The diorama approach allows for some story-telling. I've kept it low here since this is my first trial to get the hang. Anyway, I wanted this unit to portray some knightly attitudes: So there are the impetuous warriors rushing forward on the right. There are the loyal fellows who prevent the enemies from looting their - perhaps not-yet-dead - fallen comrade. There are the cool-minded professionals of war in the back reviewing the situation from an improvised commander's hill.
Furthermore the wavering formation is a resemblance of the Austrian dismounted knights at Sempach who eventually collapsed under the Swiss onslaught. Hopefully not a bad omen for this unit...
All in all, I'm quite happy how these things turned out.
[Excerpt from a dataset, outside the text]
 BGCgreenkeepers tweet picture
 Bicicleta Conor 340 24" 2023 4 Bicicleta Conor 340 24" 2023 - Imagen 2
Some might notice a serious lack of flags. Medieval armies in particular were known for their flaunting colourful standards, and surely this look makes for some attraction of this period among wargamers and painters. Let me assure you: It's no mistake, rather a deliberate decision to spare these things for a set of markers, which I'll make for every single unit. Adepts of the Impetus rules might already have a guess, others should wait and see.
Now, only another ten to twelve units to go... ouch!
Painted February to March 2010. Models by Perry Miniatures.